**Exercise**
Write the lines below out exactly, dropping each picture.

Start of Input

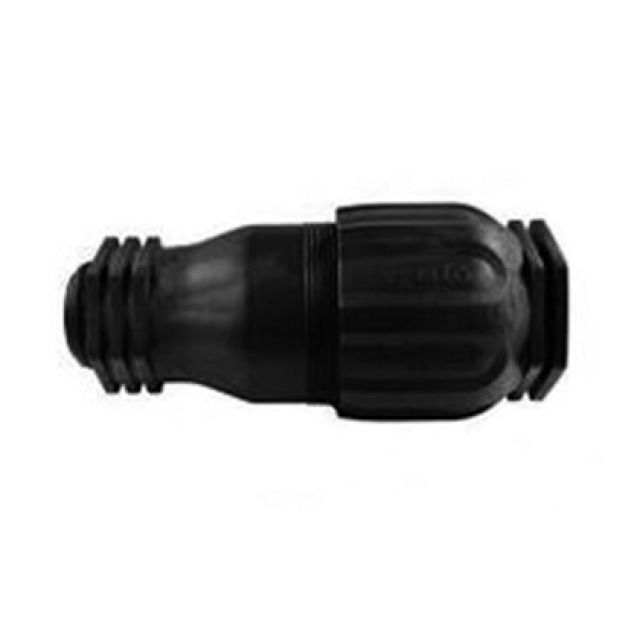 ISIFLO FLEXI ADAPTER
TYP 138    27 - 35 x 1"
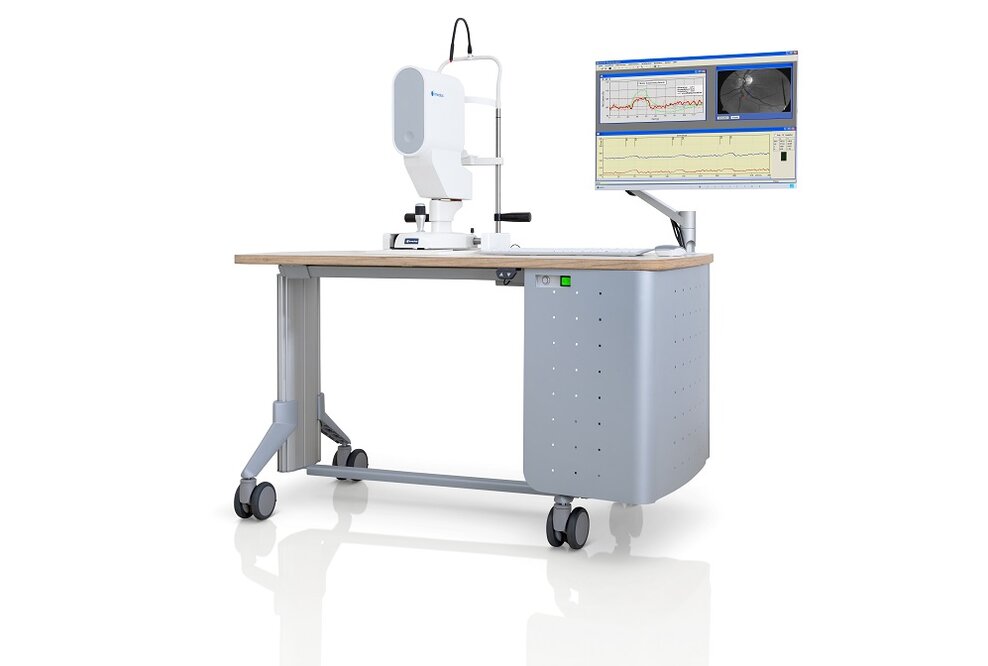Wichtiger Meilenstein: Imedos Technologie auf dem Weg von Forschung in die klinische Routine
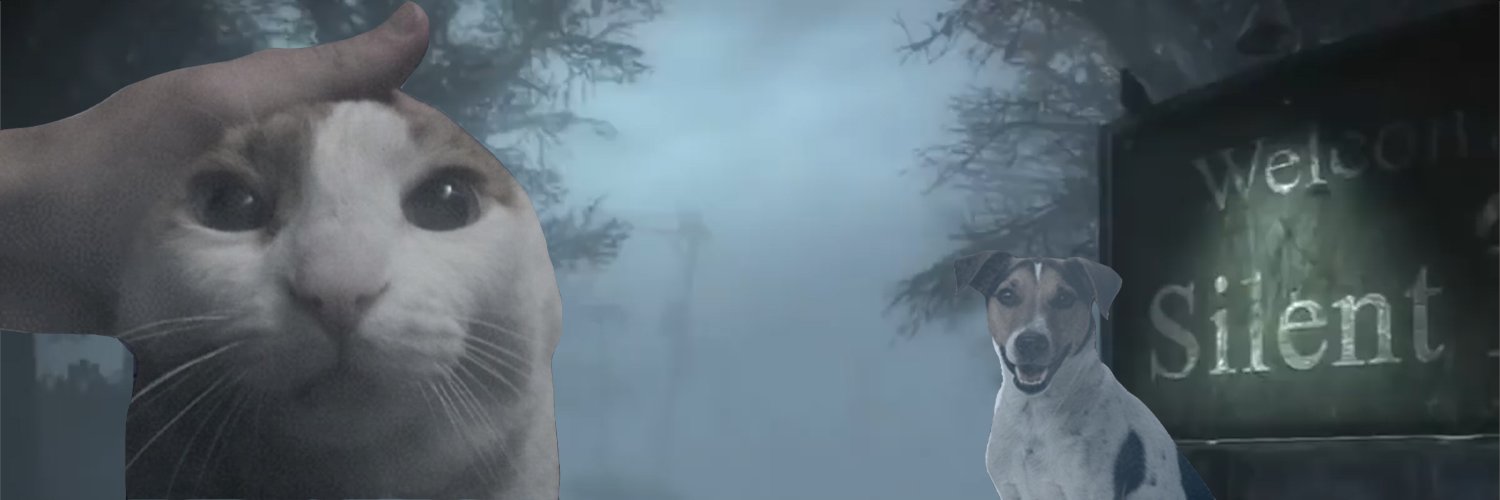 OrloExMachina's profile banner image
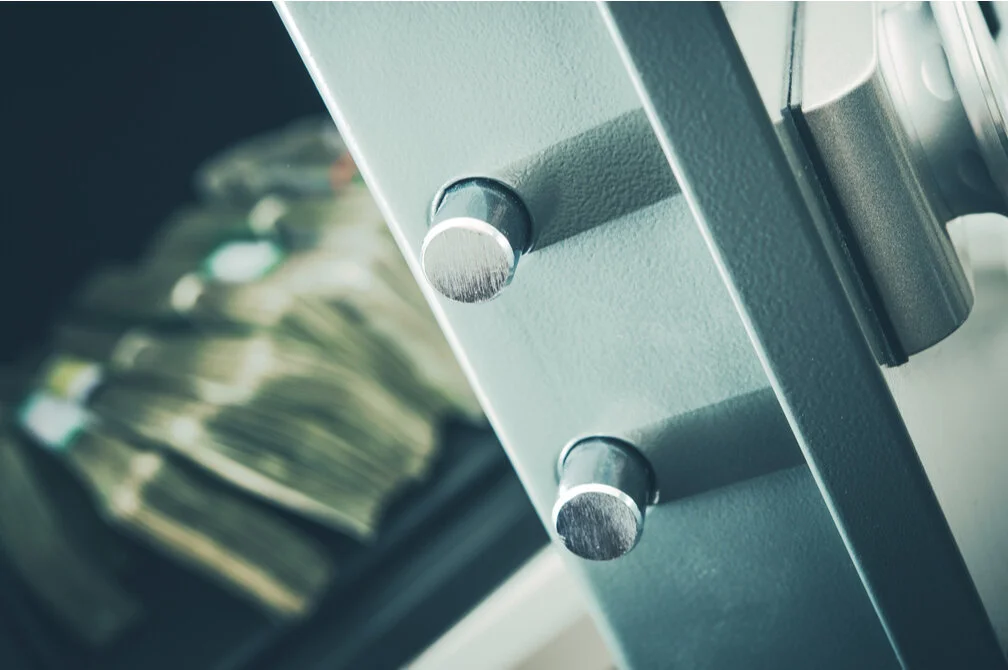 Apex Donor: Five Concerns We Have About MacKenzie Scott's Groundbreaking Giving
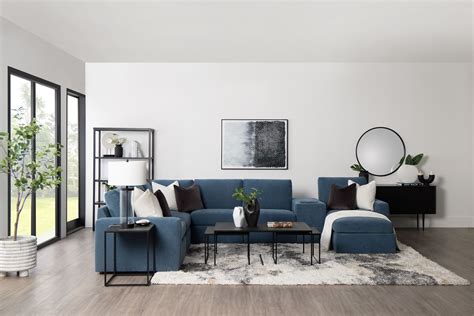 Furniture:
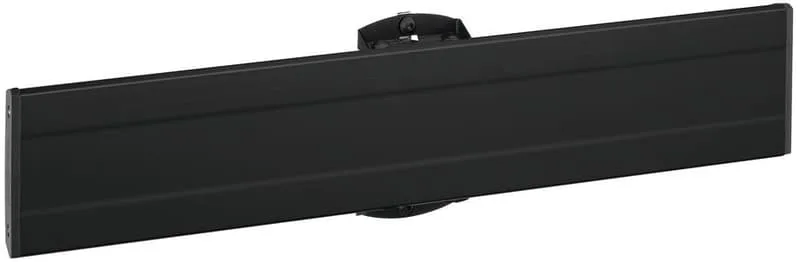 Vogels Pfb 3407 Interface bar 715mm Black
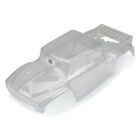 Pro-Line 1/5 Pre-Cut 1956 Ford F-100 Clear Body Kraton 8S / PRO361117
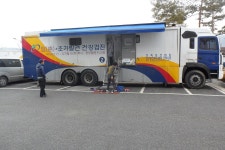 임실군 > 신평면 > 새소식 > 공지사항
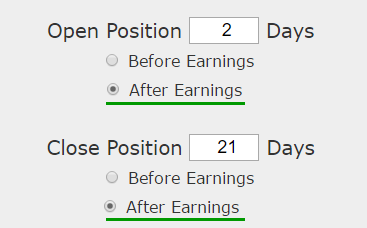 setup_2_21_earnings.png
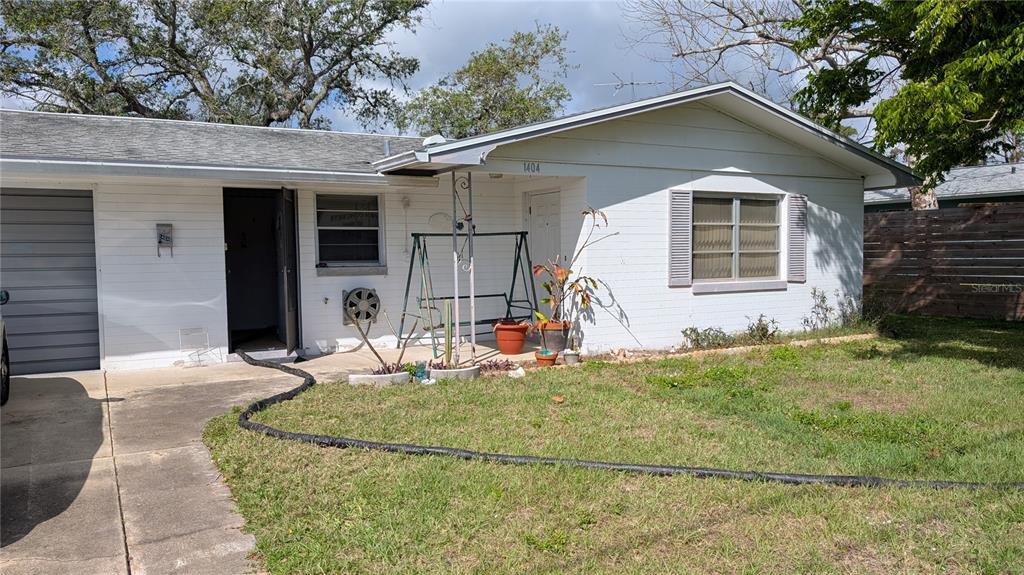 Picture of 1404 3Rd Street, Edgewater, FL 32132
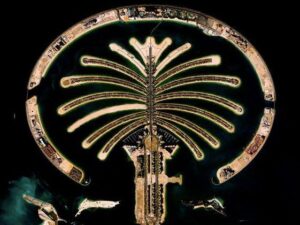 Как в сказке: самые пышные королевские свадьбы 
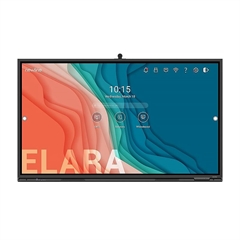 Interaktivni zaslon Newline Elara TT-6522Q LCD, 65''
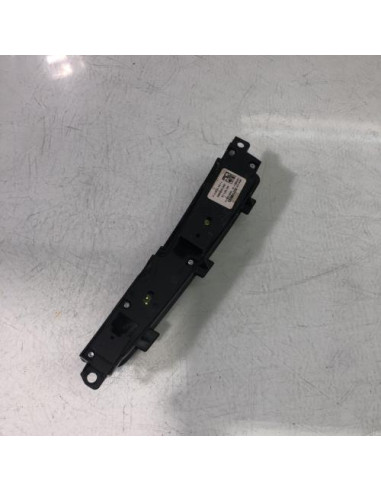 Bouton/Interrupteur BMW SERIE 7 F02/F04 LIMOUSINE PHASE 1 
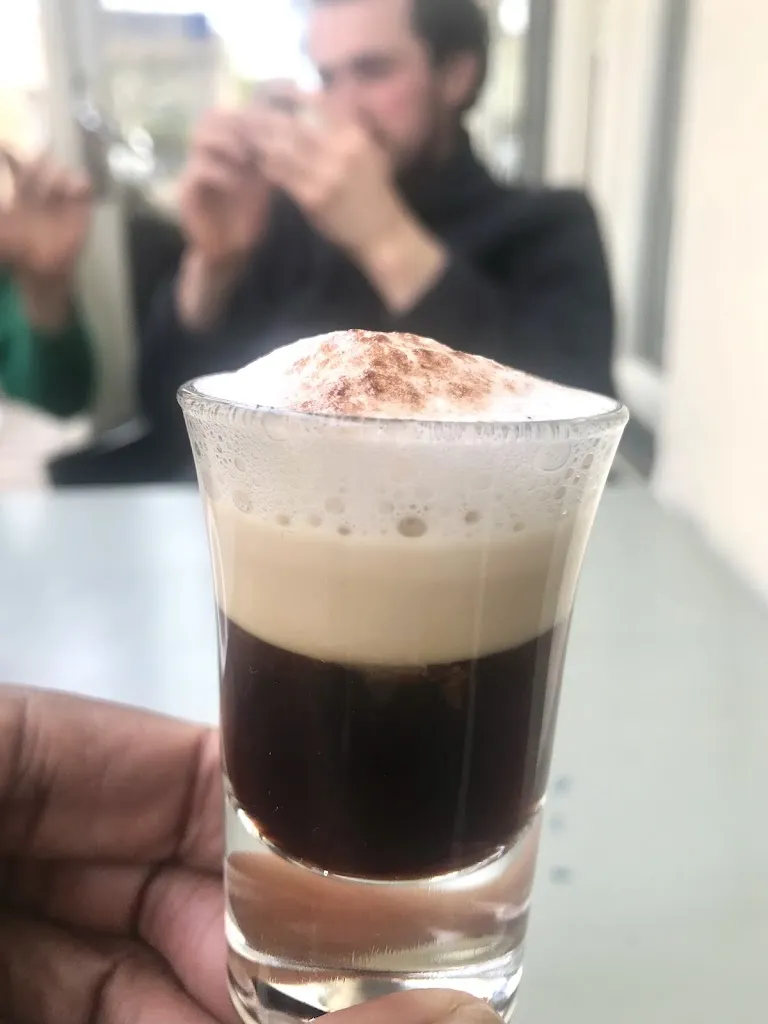 Menu_LES 2 TONTONS ZINGUEURS_Verfeil_image_5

End of Input

**Response to the task**
 ISIFLO FLEXI ADAPTER
TYP 138    27 - 35 x 1"
Wichtiger Meilenstein: Imedos Technologie auf dem Weg von Forschung in die klinische Routine
 OrloExMachina's profile banner image
 Apex Donor: Five Concerns We Have About MacKenzie Scott's Groundbreaking Giving
 Furniture:
 Vogels Pfb 3407 Interface bar 715mm Black
 Pro-Line 1/5 Pre-Cut 1956 Ford F-100 Clear Body Kraton 8S / PRO361117
 임실군 > 신평면 > 새소식 > 공지사항
 setup_2_21_earnings.png
 Picture of 1404 3Rd Street, Edgewater, FL 32132
 Как в сказке: самые пышные королевские свадьбы 
 Interaktivni zaslon Newline Elara TT-6522Q LCD, 65''
 Bouton/Interrupteur BMW SERIE 7 F02/F04 LIMOUSINE PHASE 1 
 Menu_LES 2 TONTONS ZINGUEURS_Verfeil_image_5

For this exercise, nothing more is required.